Hi,
Now, my default MPI propagates cross the cluster, because my home was not mounted. I think my HomeDir was not mounted because i boot first nodes before cluster. Cexec mount -a and all is right now. "cexec switcher mpi" show me my new default MPI "Lam-oscar-7.0-ifort"
To test my LAM configuration, i edit by hand Lam-7.0-ifort/etc/lam-bhost.def on my front-end with my nodes and frontend.
However, if i type lamboot -v, Lam complains about : n-1<6228> ssi:boot:base:linear:booting n0 (node1.cluster.ird.nc) ERROR : node1.cluster.ird.nc : connection refused
The following told about rsh...
I have a doubt : When I configure Lam-7.0.6 from source, i omit to specify configure --with-rsh="ssh -x" ? Is matter ?

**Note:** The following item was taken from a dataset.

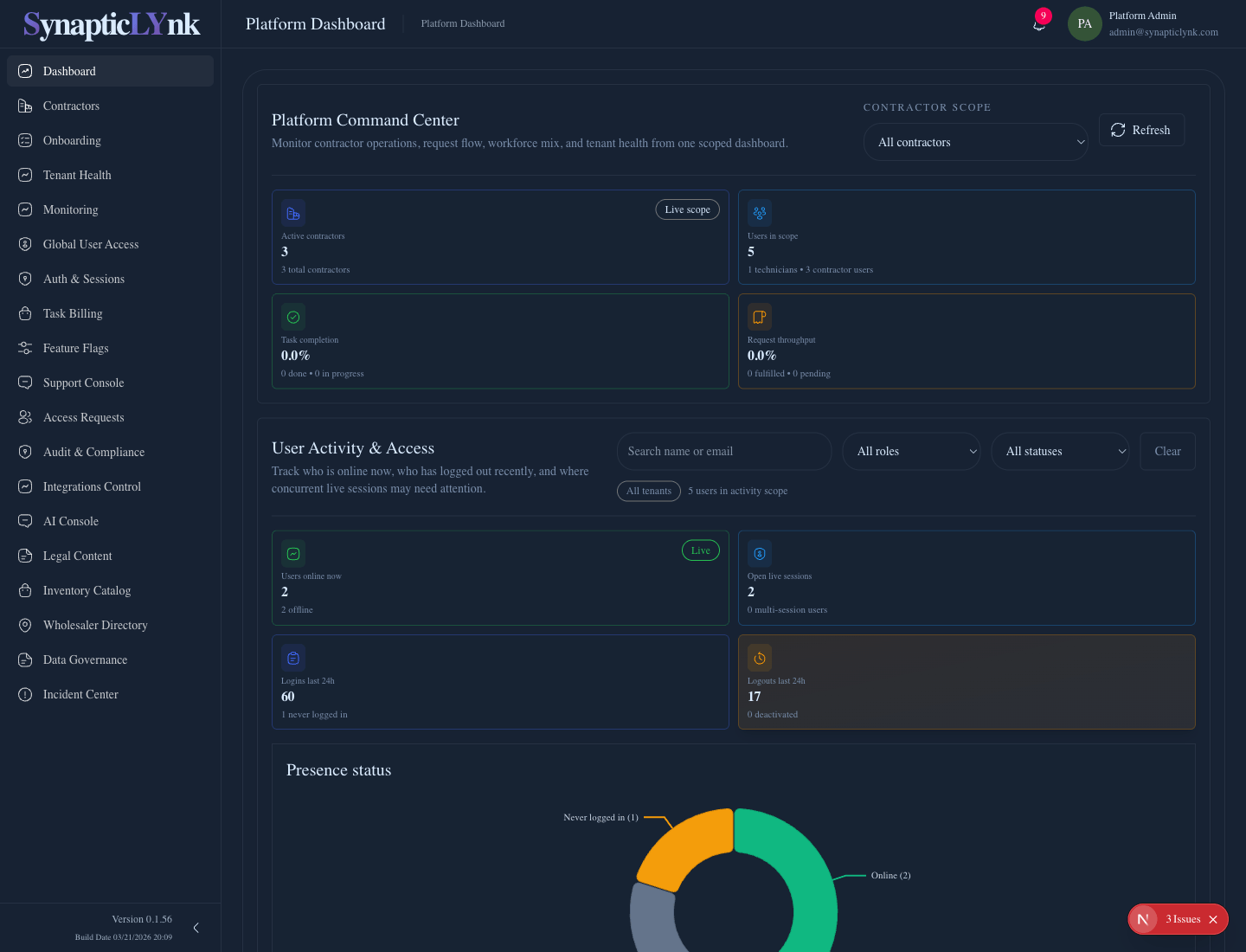 SynapticLYnk platform admin billing and analytics dashboard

See below my output from "lamboot -d"
Many thanks
jerome
LAM 7.0.6/MPI 2 C++/ROMIO - Indiana University
n-1<6372> ssi:boot:base: looking for boot schema in following directories:
n-1<6372> ssi:boot:base: <current directory>
n-1<6372> ssi:boot:base: $TROLLIUSHOME/etc
n-1<6372> ssi:boot:base: $LAMHOME/etc
n-1<6372> ssi:boot:base: /opt/lam-7.0-ifort/etc
n-1<6372> ssi:boot:base: looking for boot schema file:
n-1<6372> ssi:boot:base: lam-bhost.def
n-1<6372> ssi:boot:base: found boot schema: /opt/lam-7.0-ifort/etc/lam-bhost.defn-1<6372> ssi:boot:rsh: found the following hosts:
n-1<6372> ssi:boot:rsh: n0 node1.cluster.ird.nc (cpu=2)

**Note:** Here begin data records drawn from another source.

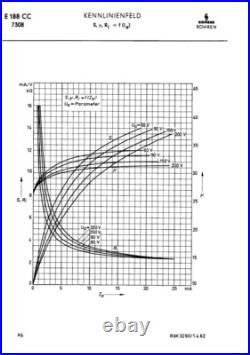 2x VintageNOS SiemensGermany G? 1 GoldPin E188CC 7308 /Top E88CC 6922 CCa Upgrade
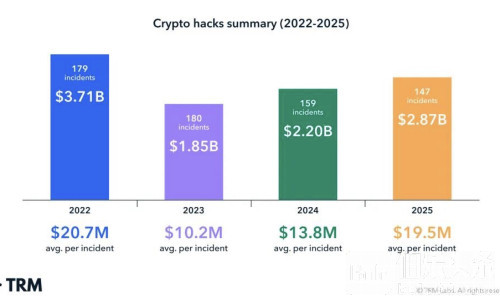 加密黑金再创纪录：非法资金飙升至1580亿美元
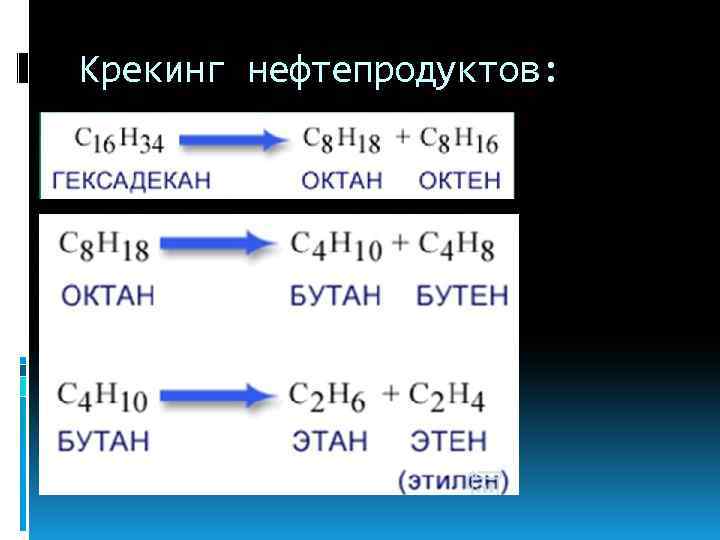 Крекинг нефтепродуктов: 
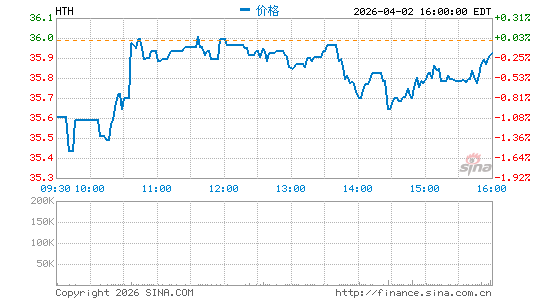 希尔托普控股分时K线
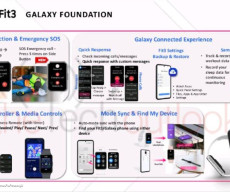 Samsung-Galaxy-fit-3-Complete-specs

n-1<6372> ssi:boot:rsh: n1 node2.cluster.ird.nc (cpu=2)
n-1<6372> ssi:boot:rsh: n2 node3.cluster.ird.nc (cpu=2)
n-1<6372> ssi:boot:rsh: n3 editr.cluster.ird.nc (cpu=2)
n-1<6372> ssi:boot:rsh: resolved hosts:
n-1<6372> ssi:boot:rsh: n0 node1.cluster.ird.nc --> 192.168.150.1
n-1<6372> ssi:boot:rsh: n1 node2.cluster.ird.nc --> 192.168.150.2
n-1<6372> ssi:boot:rsh: n2 node3.cluster.ird.nc --> 192.168.150.3
n-1<6372> ssi:boot:rsh: n3 editr.cluster.ird.nc --> 192.168.150.50 (origin)

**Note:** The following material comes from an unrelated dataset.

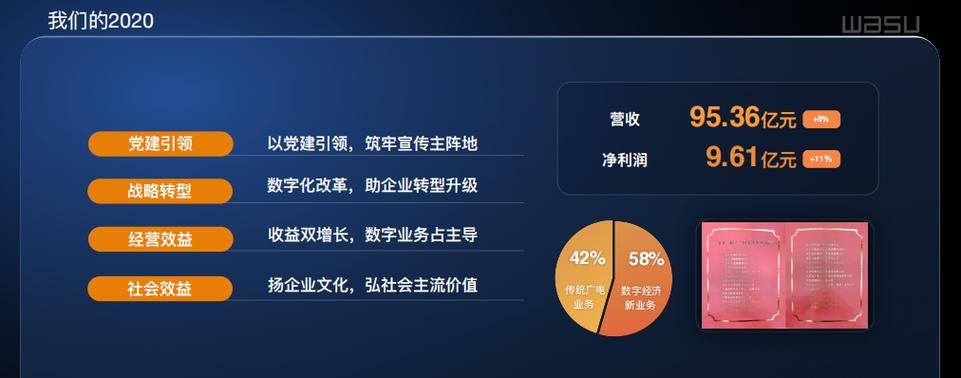 智慧广电新赛道:华数四维跃迁全景图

n-1<6372> ssi:boot:rsh: starting RTE procs
n-1<6372> ssi:boot:base:linear: starting
n-1<6372> ssi:boot:base:server: opening server TCP socket
n-1<6372> ssi:boot:base:server: opened port 37073
n-1<6372> ssi:boot:base:linear: booting n0 (node1.cluster.ird.nc)
n-1<6372> ssi:boot:rsh: starting lamd on (node1.cluster.ird.nc)
n-1<6372> ssi:boot:rsh: starting on n0 (node1.cluster.ird.nc): hboot -t -c lam-conf.lamd -d -s -I "-H 192.168.150.50 -P 37073 -n 0 -o 3"
n-1<6372> ssi:boot:rsh: launching remotely
n-1<6372> ssi:boot:rsh: attempting to execute "rsh node1.cluster.ird.nc -n echo $SHELL"
ERROR: LAM/MPI unexpectedly received the following on stderr:
node1.cluster.ird.nc: Connection refused
-----------------------------------------------------------------------------
LAM failed to execute a process on the remote node "node1.cluster.ird.nc".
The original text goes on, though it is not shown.